_Problem statement_
From the records below, copy each line in which the string "with" occurs.

_Extracted records_

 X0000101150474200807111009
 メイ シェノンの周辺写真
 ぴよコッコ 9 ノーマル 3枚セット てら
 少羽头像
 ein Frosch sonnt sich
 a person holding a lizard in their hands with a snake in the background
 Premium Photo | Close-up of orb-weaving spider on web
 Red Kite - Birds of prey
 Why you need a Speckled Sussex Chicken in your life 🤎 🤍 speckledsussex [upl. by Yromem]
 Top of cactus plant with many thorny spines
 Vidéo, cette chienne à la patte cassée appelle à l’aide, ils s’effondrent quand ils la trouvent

_Solved problem_
 a person holding a lizard in their hands with a snake in the background
 Top of cactus plant with many thorny spines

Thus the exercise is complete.